March 28, 2005

A Savory Rant

It appears I'm not the only person who shouts at the radio. Language Hat has a good pointer to Geoff Pullum's rant about an NPR interview with James Cochran:

But for the most part it is a mystery why linguistic subject matter is treated so differently from other material in which science has been interested; it baffles all of us here at Language Log Plaza. Imagine if an amateur wrote a book on ecology (How Now Brown Cow: A Little Book of Threatened Animals) and said that mice have "practically become extinct" in America. Would the interviewer listen credulously and politely as the nutball pothered on, not even alluding to any evidence for the absurd claim?

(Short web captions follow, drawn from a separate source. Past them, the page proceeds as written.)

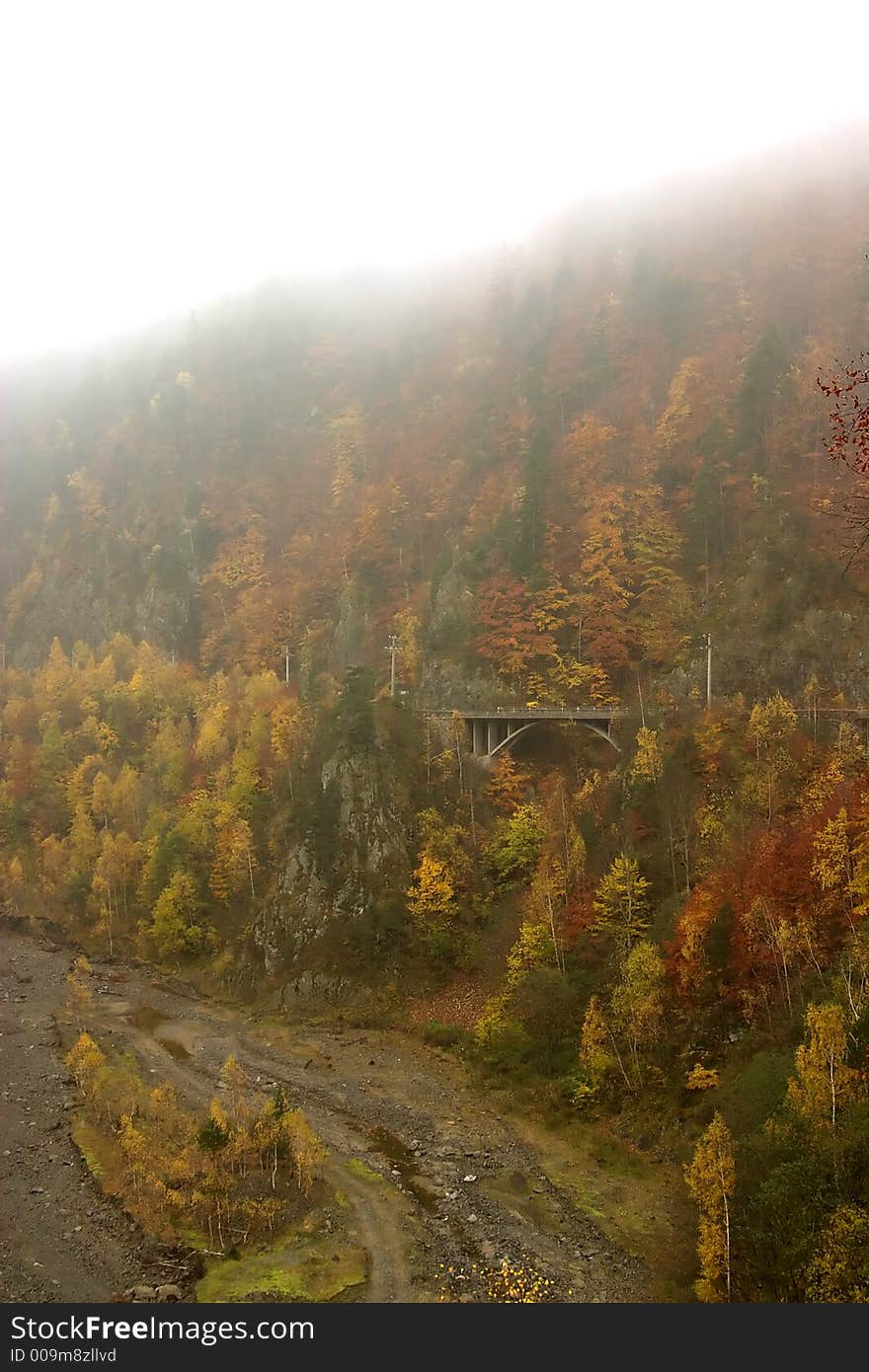 Autumn mist portrait in Transfararasan climbing at 2034 m high in Faragars Mountains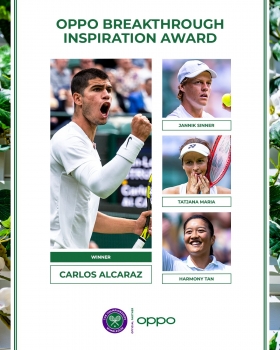 Carlos Alcaraz, ngôi sao quần vợt đang lên được nhận Giải thưởng Truyền cảm hứng đột phá của OPPO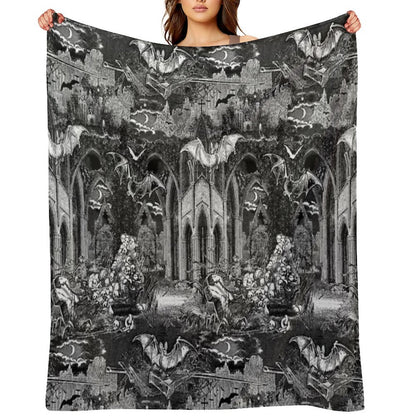 Dark Gothic Vampires Crypt Graves Bats Skulls Pattern by Moose Disco Throw Blanket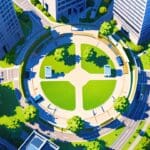 Vista aérea de parques empresariales con edificios modernos de tecnología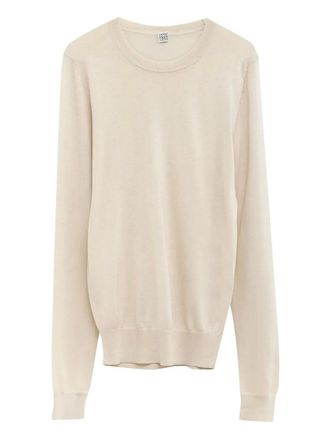 Toteme knitted crew-neck jumper - women - Silk/Wool - S - Neutrals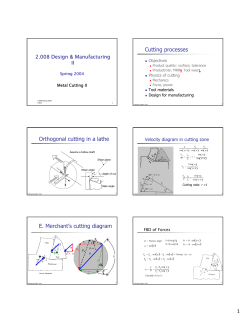 Cutting processes Orthogonal cutting in a lathe E. Merchant`s cutting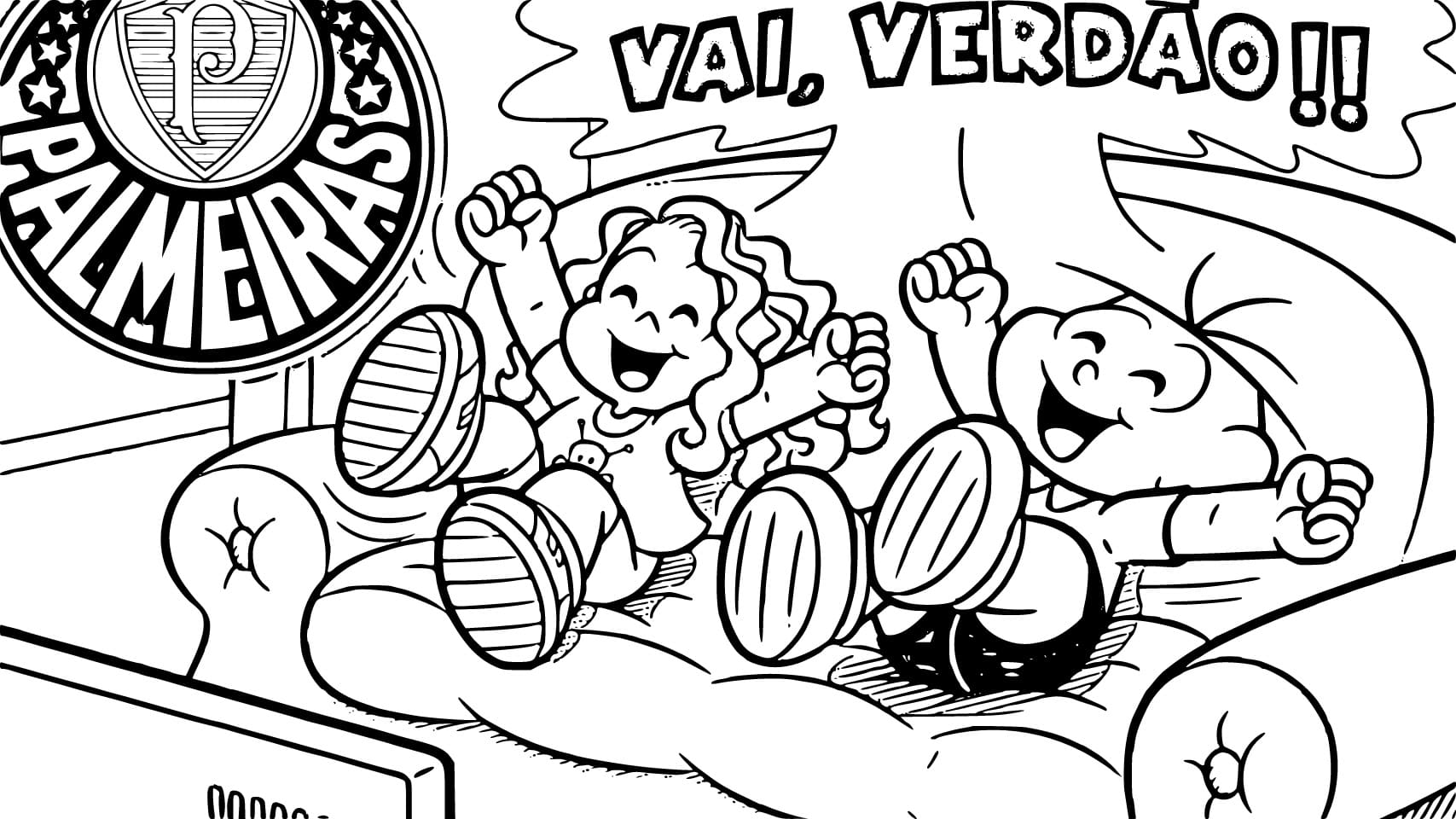 Desenho de Marina com Cebolinha Assisitndo Jogo do Palmeiras para Colorir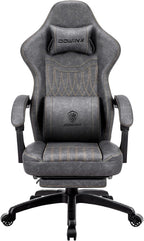 Dowinx Gaming Chair, Breathable PU Leather Gamer Chair with Memory Foam, Pocket Spring Cushion and Footrest, Big and Tall Ergonomic Reclining Computer Chair with Massage Lumbar Support, Deep Gray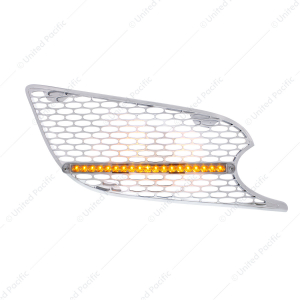 Chrome Air Intake Grille With Reflector LED Light For 2012-2021 Peterbilt 579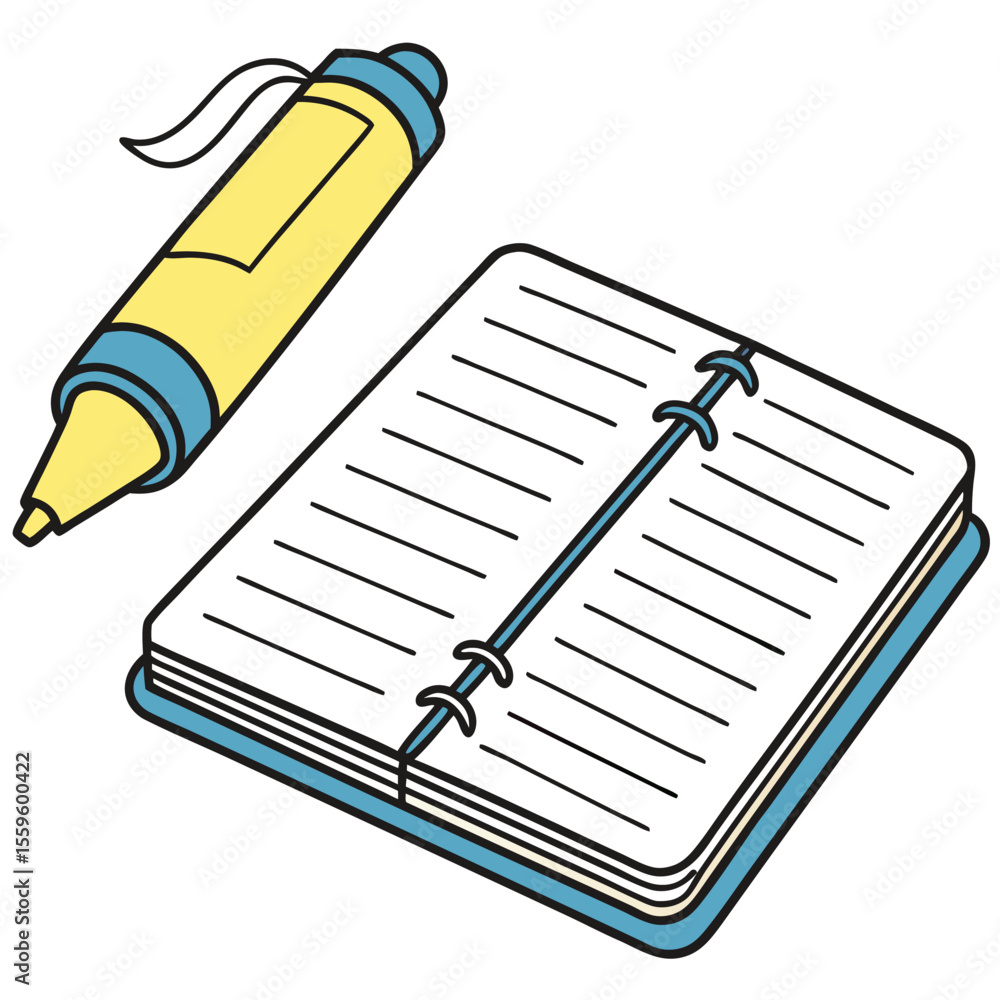 Poster a bright yellow pen with a blue tip and clip rests next to an open spiral bound notebook with lined 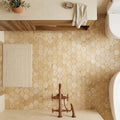 Philadelphia Travertine 2x2 Tumbled Travertine Hexagon Mosaic — Bathroom floor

Posted by Ben Brumfield at March 28, 2005 03:33 PM
Comments

"Did he really say (possibly my ears hadn't quite woken up) that the modal verb form might was being eliminated in favor of may and "has practically disappeared from the language"?"

Could the interviewee have been referring to spoken English in particular? I have no idea - and he still may, erm, might, be wrong anyway - but there are as of course you know significant differences between the written and spoken vernaculars.

Posted by: Alan Allport at March 29, 2005 04:12 AM

Could the interviewee have been referring to spoken English in particular?

Maybe, but I can't be bothered to listen to the actual interview. That might dispel the much more satisfying notion that the interviewee is "a mendacious pontificating old windbag."